### Task brief
Return every record below exactly as written, but leave out the pictures.

### Dataset excerpts
*** Block opens ***

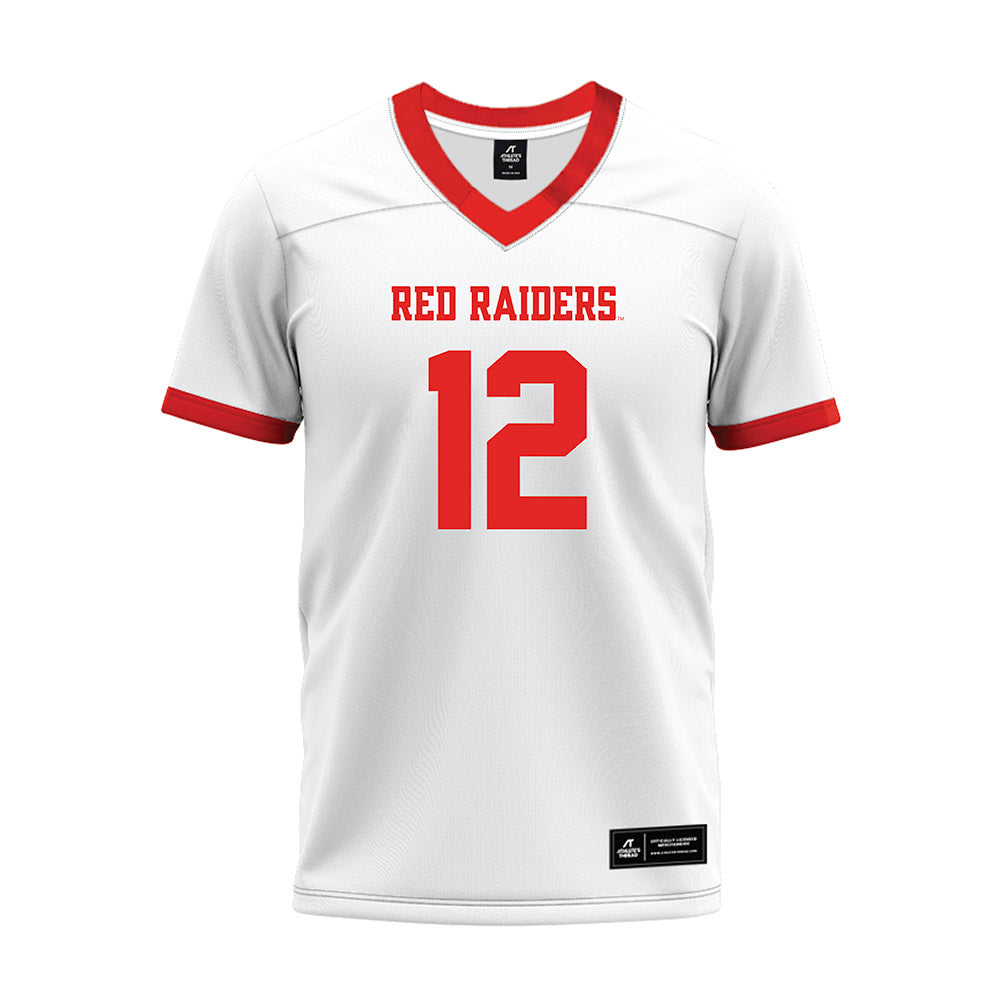 Texas Tech - NCAA Football : Stephen Cannon - Premium Football Jersey-0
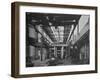 Interior of Power House, Victor Talking Machine Co, Camden, New Jersey, 1923-null-Framed Photographic Print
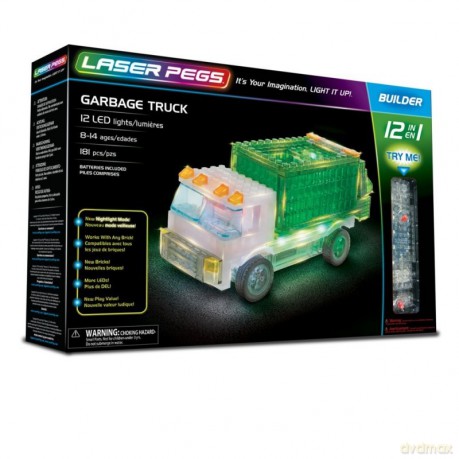 12 in 1 Garbage Truck [KLOCKI]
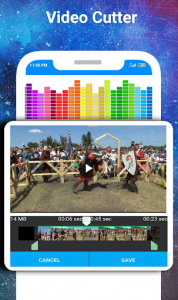 اسکرین شات برنامه Video To MP3 Converter 2020: Audio Trimmer🎵 6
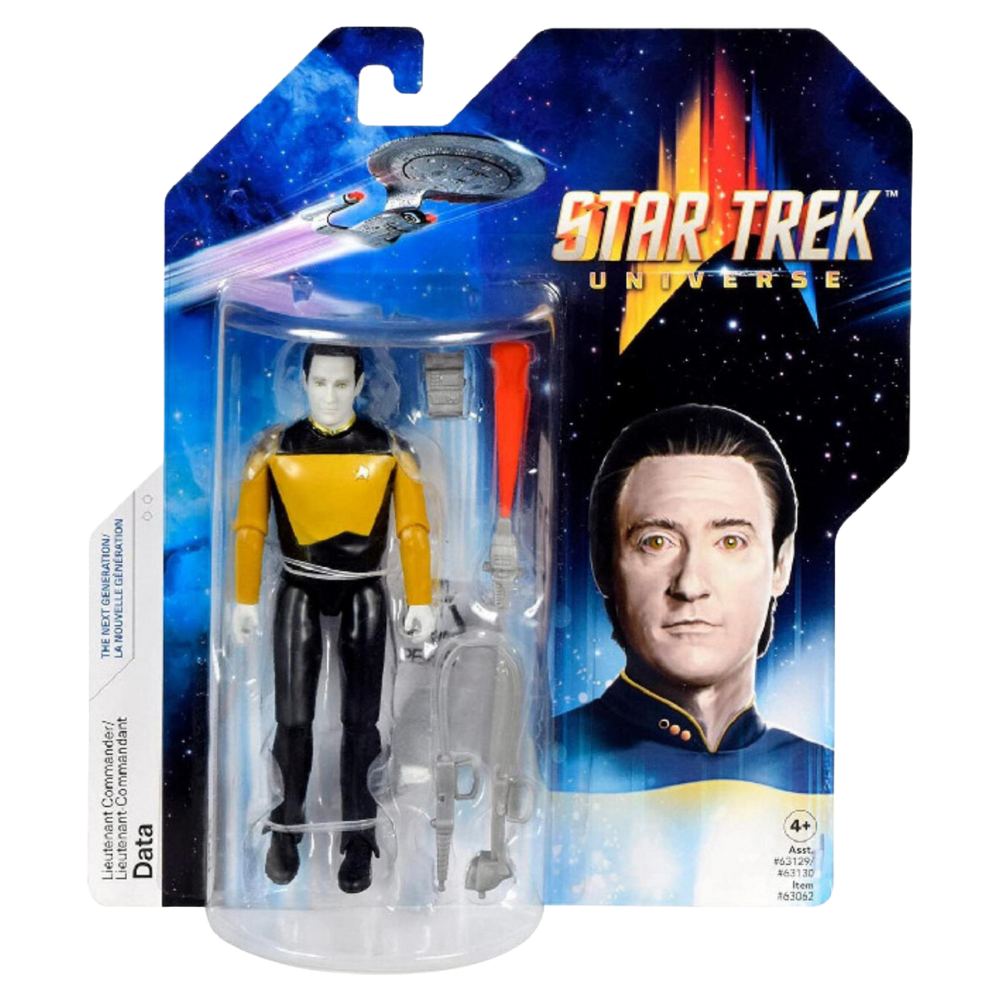 Star Trek Universe 5" Action Figure - DATA The Next Generation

*** Block closes ***

### Answer box
 Texas Tech - NCAA Football : Stephen Cannon - Premium Football Jersey-0
 Interior of Power House, Victor Talking Machine Co, Camden, New Jersey, 1923-null-Framed Photographic Print
 12 in 1 Garbage Truck [KLOCKI]
 اسکرین شات برنامه Video To MP3 Converter 2020: Audio Trimmer🎵 6
 Star Trek Universe 5" Action Figure - DATA The Next Generation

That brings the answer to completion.